Mircea Cartarescu, Solenoide.
Uno de tantos problemas de envejecer es el embotamiento de la sensibilidad. Al final, de tanto leer, empieza a darte igual todo, acabas minusvalorando y despreciando cualquier novedad, sólo por ser nueva. Se llega así a un doble error. El primero, la idealización de ese pasado, el de tu juventud ansiosa y expectante, cuando cualquier nueva novela, cualquier nueva película, cualquier nueva música, te tomaba por asalto, te demolía, arrasaba y dejaba exhausto. Ceguera ante las carencias de un tiempo que ya no será -y que nunca fue como ese recuerdo-, que se ve empeorado por un segundo error: le desprecio a lo que los jóvenes de ahora disfrutan y aman. Considerarlo de antemano, sin haberlo probado, como menor, indigno, despreciable. Pérdida de tiempo, mero entretenimiento y juguete, cuando habrá, con toda seguridad, de convertirse en nuevo canon. Si no ahora, cuando ya estés muerto.

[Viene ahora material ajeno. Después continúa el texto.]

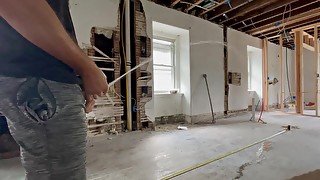 PISSING OVER ELEVEN FEET!!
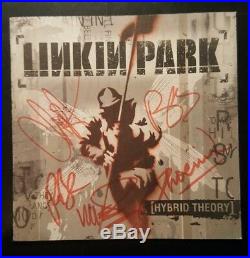 Linkin Park Chester Bennington Band Signed Autographed Hybrid Theory CD PSA/DNA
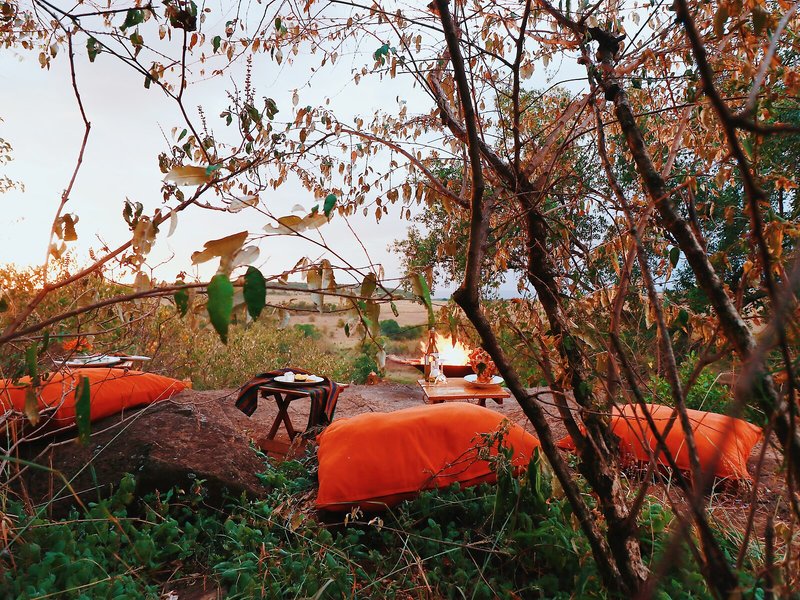 Mara Eden Safari Camp in Masai Mara, Mombasa (Kenia) Außenaufnahme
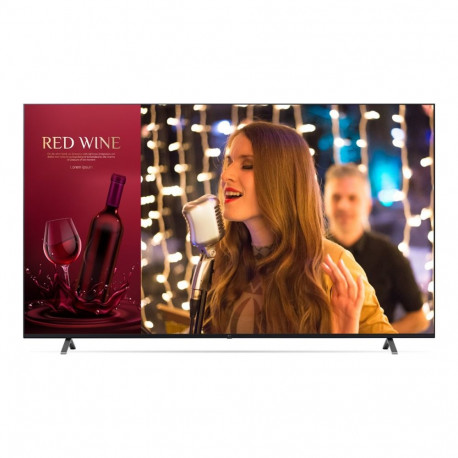 LG 86UN640S0LD Signage Display 86inch UR Series UHD 330cd/m2 16/7 Speaker wifi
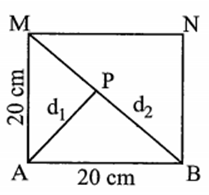 Ở mặt thoáng của một chất lỏng có hai nguồn sóng kết hợp A và B cách nhau (ảnh 1)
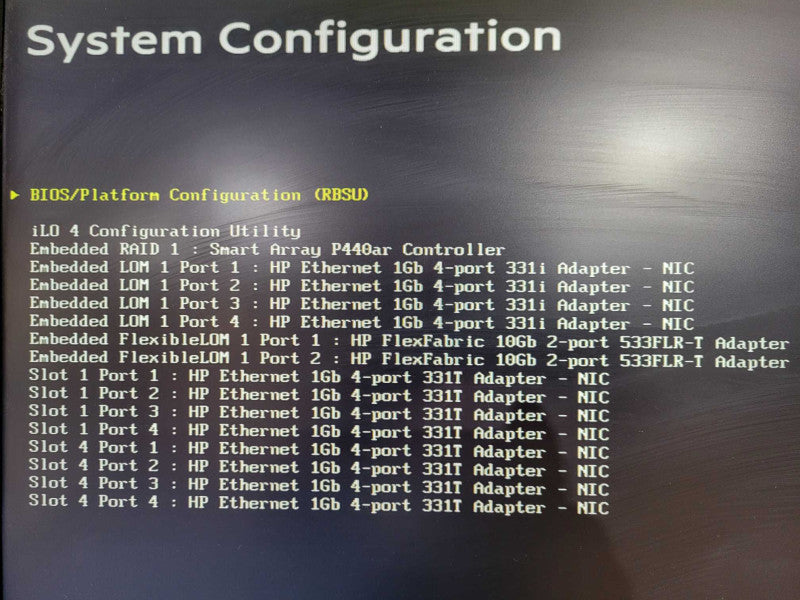 HP ProLiant DL380 Gen9 2x Intel Xeon E5-2650 v3 @ 2.3 Ghz 32GB RAM P440ar 2.5 !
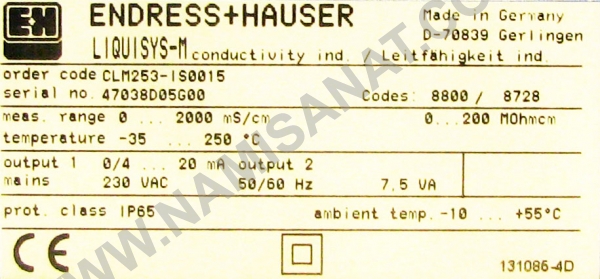 LIQUISYS-M, LIQUISYS-M,LIQUISYS,LIQUISY,Transmitter,LIQUIS,LIQUI,LIQU,LIQ,LI,L,Transmitter for analog and digital glass and ISFET sensors,Transmitter,sensors,Endress+Hauser,Endress,Hauser,NAMI SANAT Co,Transmitter for Conductivity,namisanat.com,NAMI,SANAT,Co,اندازه گیری و ابزار دقیق,تجهیزات صنعتی نامی صنعت,ترانسمیتر,ترانسمیتر نامی صنعت,محصولات صنعتی نامی صنعت,محصولات صنعتی,نامی صنعت,تجهیزات صنعتی,ابزار دقیق,اندازه گیری, 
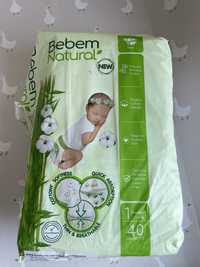 Pieluszki pampersy bambusowe 1 2-5kg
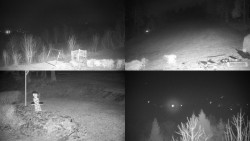 Sdružený snímek okolí chaty Myslivna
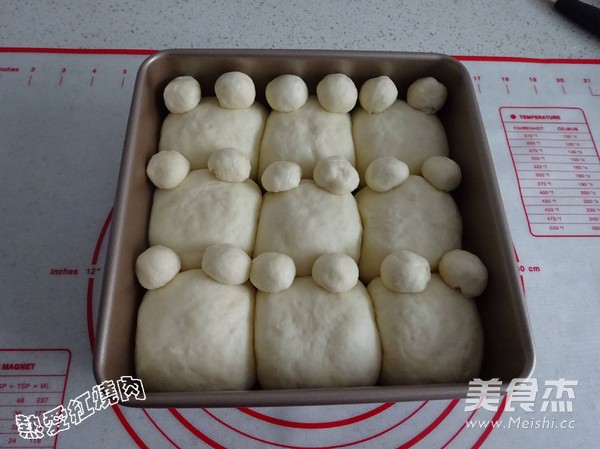 小熊挤挤果酱包的做法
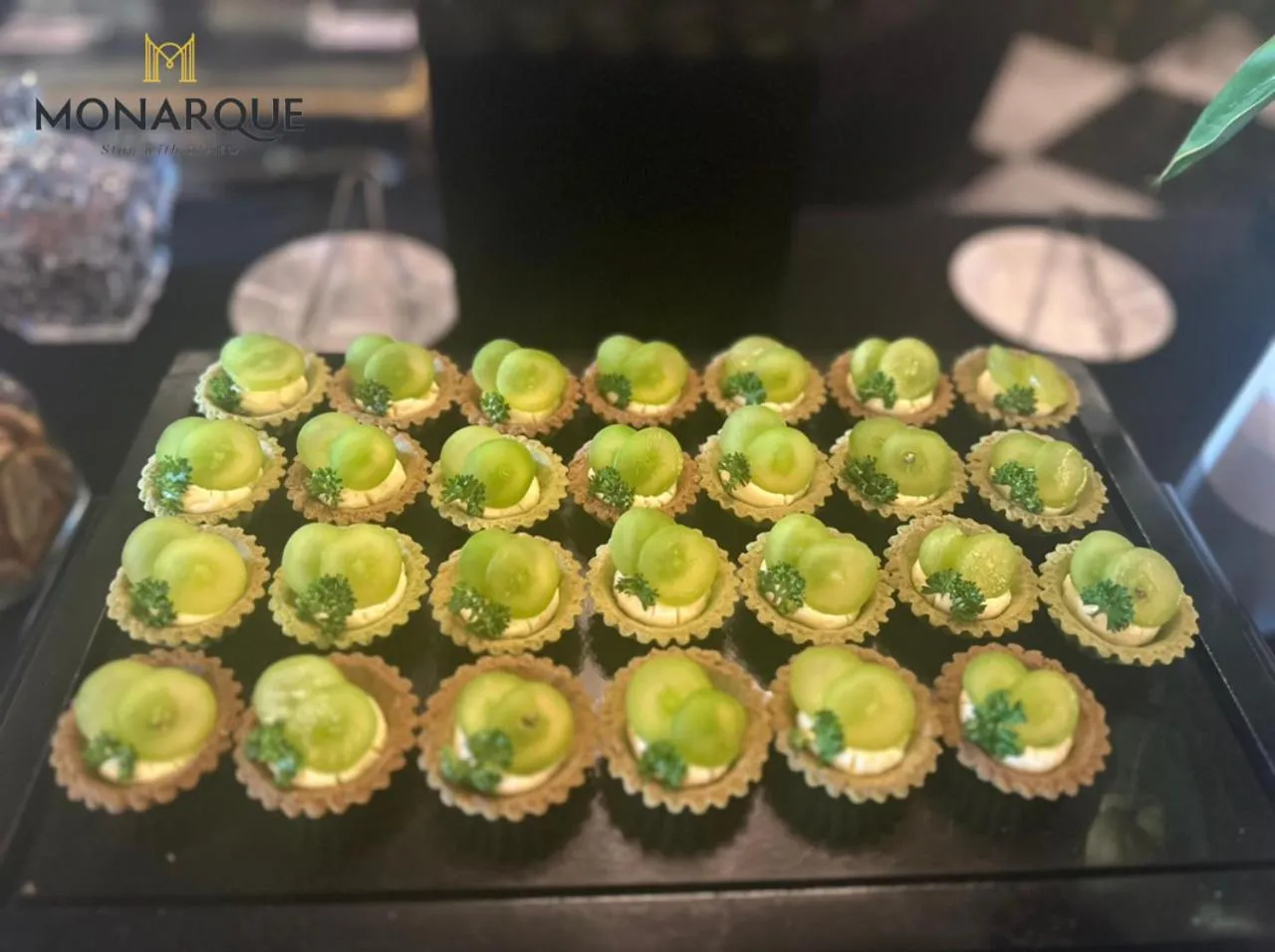 Food and drinks in Monarque Hotel Danang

¿A cuento de qué esta jeremiada? Pues que a veces, solo en muy raras veces, en estos páramos próximos al desierto de la vejez, se siente uno como antaño. Se tiembla ante un descubrimiento que se conoce definitivo, portador de un antes y un después, miliario en la vida de lector. Exagero, lo sé. Pero esto es lo que me ha pasado con
Solenoide, de Mircea Cartarescu. Una novela de 800 páginas que he devorado en una semana, sintiéndome obligado a leerla en cualquier momento libre que encontraba, olvidándome -¡al fin!- de Internetes, móviles, series efímeras intercambiables. En definitiva, de cualquier cometiempos en los los que abunda nuestra contemporaneidad. Una obra, en fin, que habría permanecido desconocida para mí -mi vista sólo contempla el pasado-, si no fuera
por este blog, de lectura siempre estimulante, dado a poner los puntos sobre las íes. Labor muy necesaria en un tiempo en que todo son admiraciones incondicionales, acompañados por odios productos de fes inquebrantables.
Vale, muy buena introducción, quizás un tanto larga, pero es hora de ir al grano: ¿de qué va
Solenoide? Pues se trata de una comida de tarro -así, dicho de manera vulgar-, como no recuerdo haber leído en décadas. Un auténtico OVNI en el panorama literario contemporáneo, cercano a otras pajas mentales posmodernas, de ésas que tanto abundan y con las que tanto nos regodeamos, pero que, a diferencia de ellas, cuenta con una estructura de cemento armado, sobre la que se asienta un edificio literario en apariencia imposible, un castillo de naipes de una solidez a prueba de terremotos y tempestades. Escrito, además, de manera maravillosa, con ese instinto y seguridad que denotan un escritor de raza: esos que consiguen hacerte ver, como si estuviese ante tus ojos, como si fuera real, racional, lógico y necesario, lo que en en manos de un escritor menos hábil, considerarías inverosímil y absurdo. Ridículo y risible.